Problem description - Find the line containing "What the heck" in the listing below. Repeat it exactly, along with each following line up to and including the one containing "I'm going to".

Material supplied -
────

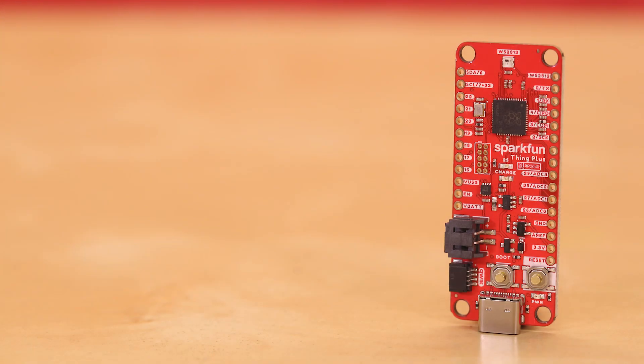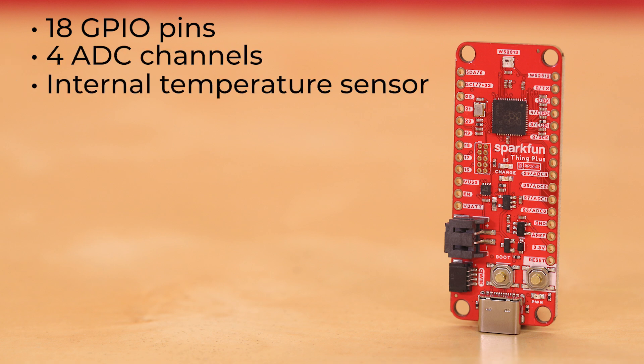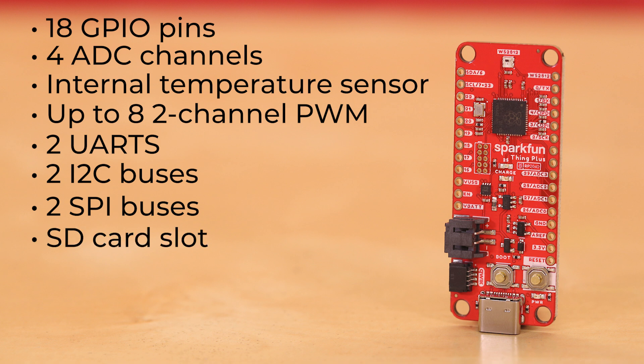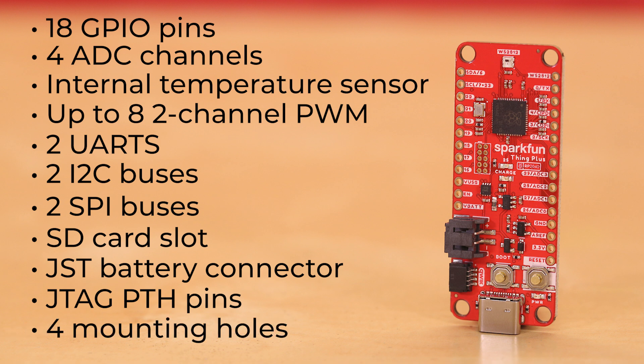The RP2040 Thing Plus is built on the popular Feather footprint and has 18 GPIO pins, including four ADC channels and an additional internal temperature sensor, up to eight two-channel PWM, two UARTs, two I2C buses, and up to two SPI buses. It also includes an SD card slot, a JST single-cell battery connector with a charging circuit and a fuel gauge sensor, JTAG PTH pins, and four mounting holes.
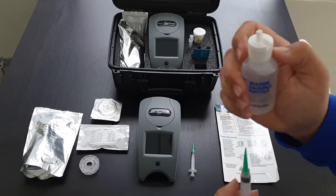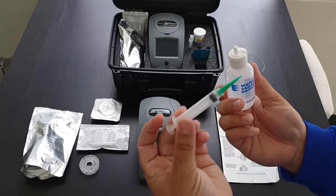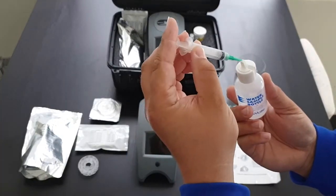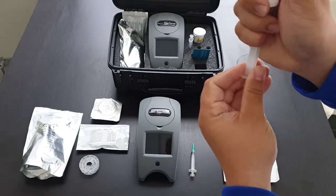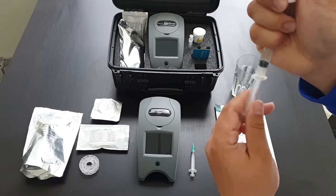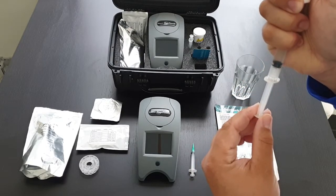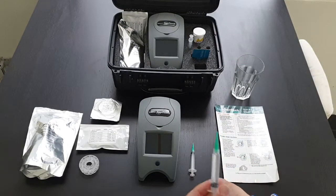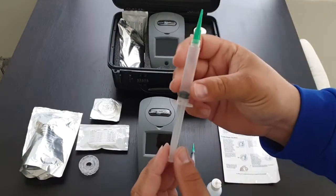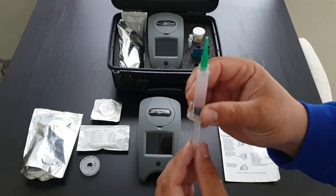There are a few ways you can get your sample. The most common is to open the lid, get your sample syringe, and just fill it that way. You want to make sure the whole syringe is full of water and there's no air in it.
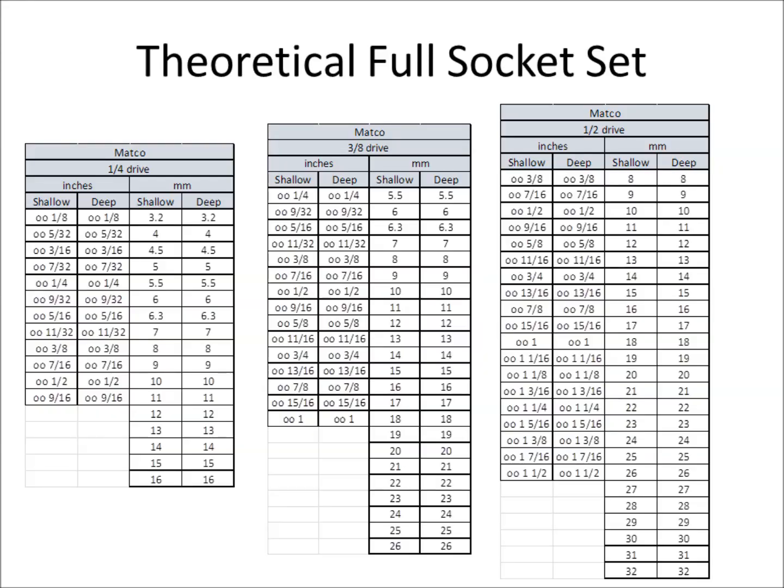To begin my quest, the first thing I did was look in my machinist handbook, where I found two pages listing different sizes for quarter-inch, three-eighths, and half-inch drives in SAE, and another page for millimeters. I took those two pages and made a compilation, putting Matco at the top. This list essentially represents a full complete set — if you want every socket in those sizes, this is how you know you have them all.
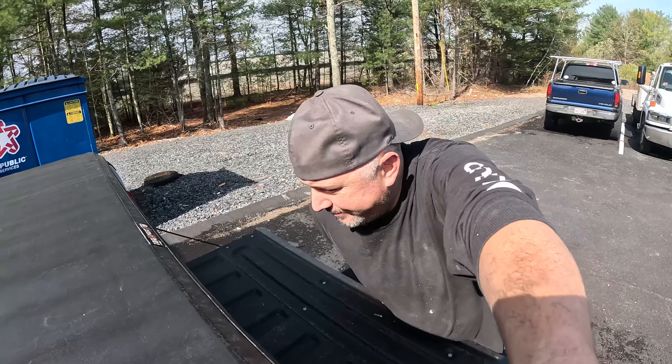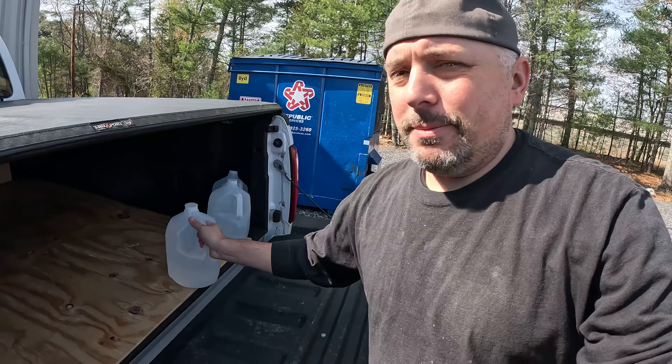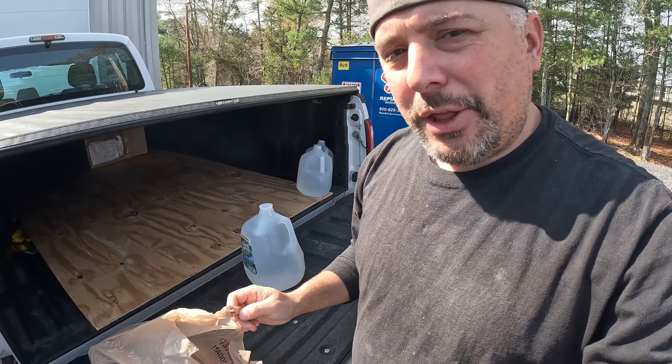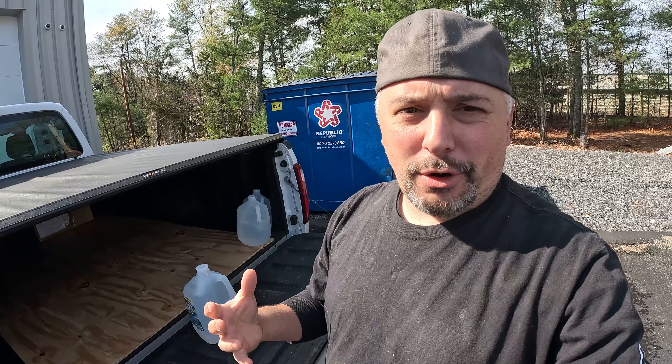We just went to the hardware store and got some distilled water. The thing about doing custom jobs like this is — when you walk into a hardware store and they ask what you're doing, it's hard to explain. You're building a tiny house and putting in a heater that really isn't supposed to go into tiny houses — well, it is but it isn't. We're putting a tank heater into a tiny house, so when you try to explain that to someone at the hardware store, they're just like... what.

────

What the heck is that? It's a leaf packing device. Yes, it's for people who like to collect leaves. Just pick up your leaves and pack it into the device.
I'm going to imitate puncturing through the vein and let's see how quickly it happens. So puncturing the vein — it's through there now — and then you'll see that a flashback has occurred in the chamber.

────

Exercise result -
What the heck is that? It's a leaf packing device. Yes, it's for people who like to collect leaves. Just pick up your leaves and pack it into the device.
I'm going to imitate puncturing through the vein and let's see how quickly it happens. So puncturing the vein — it's through there now — and then you'll see that a flashback has occurred in the chamber.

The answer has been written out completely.